**WORK INSTRUCTION:**
From the first line to the last, restate the data exactly, leaving out the images.

**AVAILABLE DATA:**
|---|

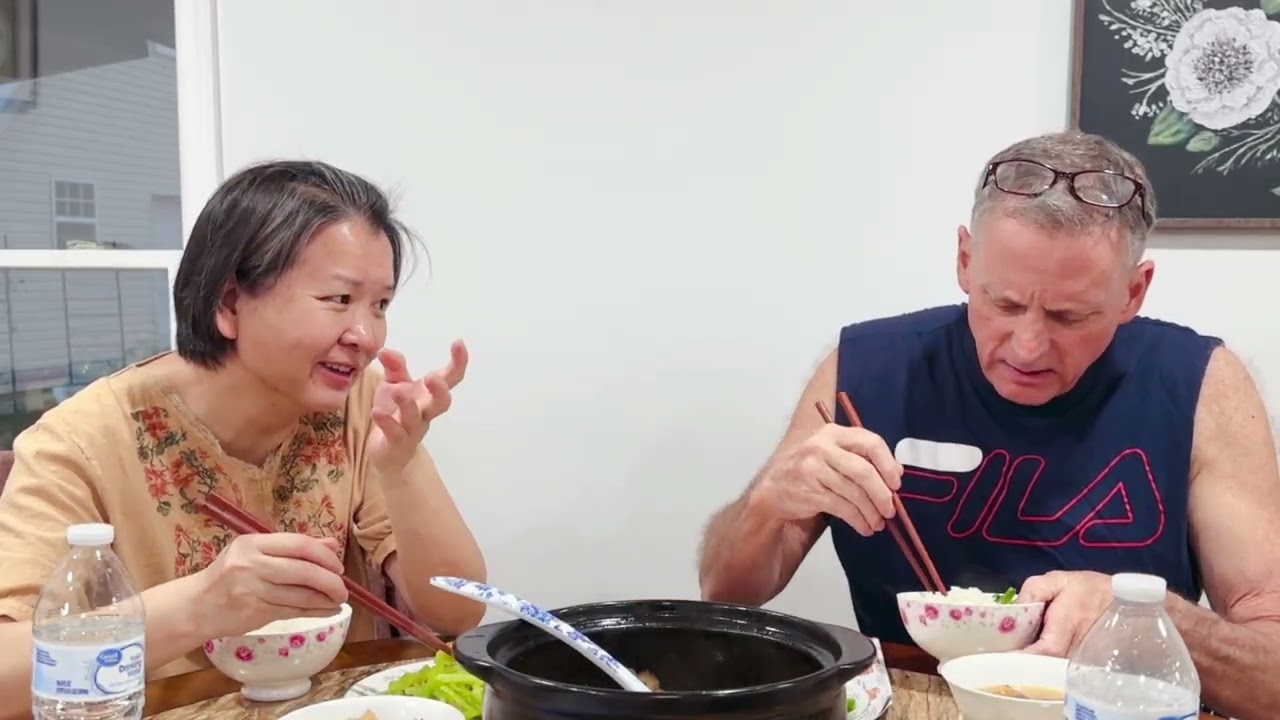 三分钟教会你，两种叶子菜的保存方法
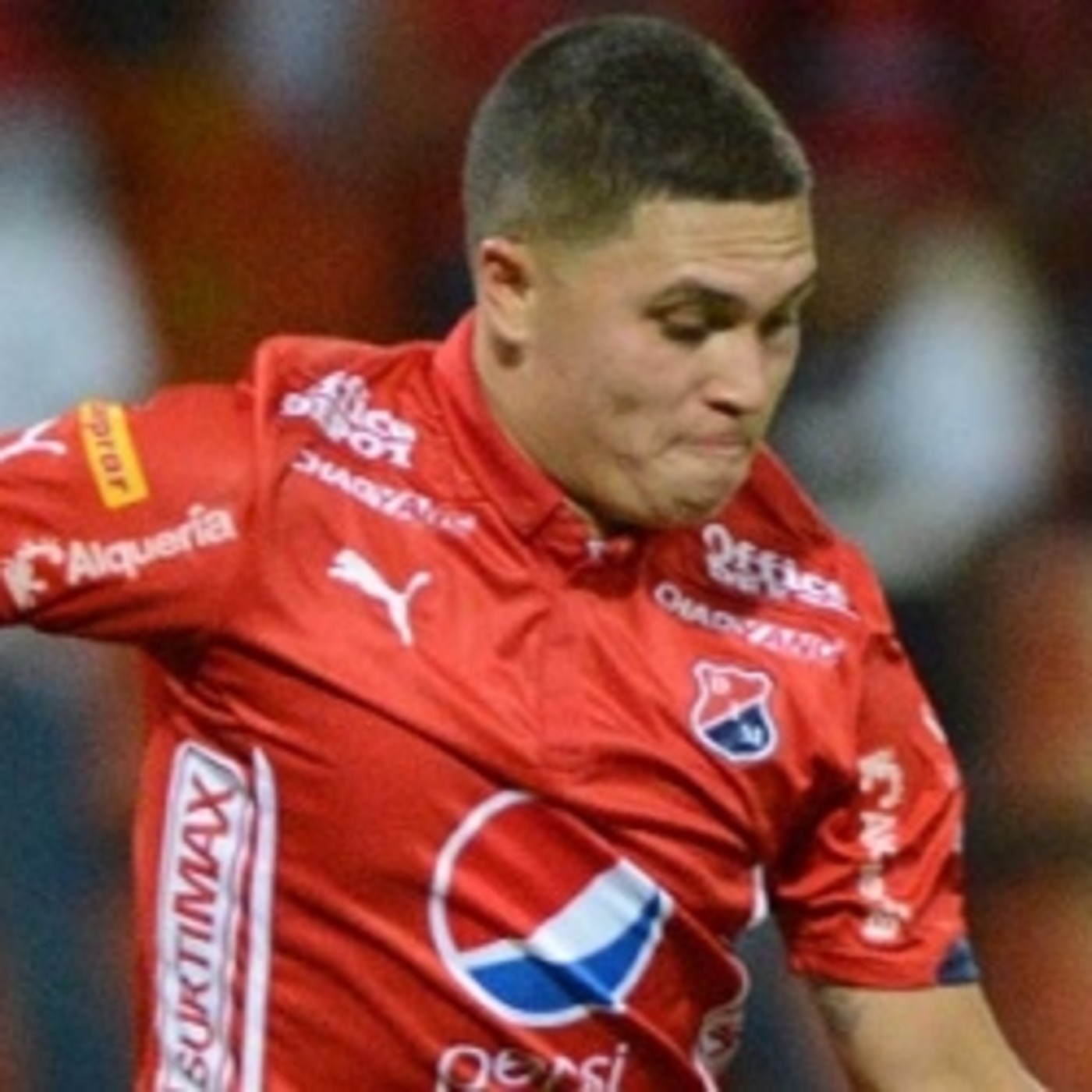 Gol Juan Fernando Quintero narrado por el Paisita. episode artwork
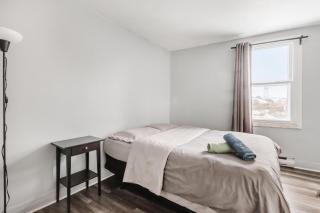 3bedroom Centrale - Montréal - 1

|---|

**ANSWER TO THE EXERCISE:**
 三分钟教会你，两种叶子菜的保存方法
 Gol Juan Fernando Quintero narrado por el Paisita. episode artwork
 3bedroom Centrale - Montréal - 1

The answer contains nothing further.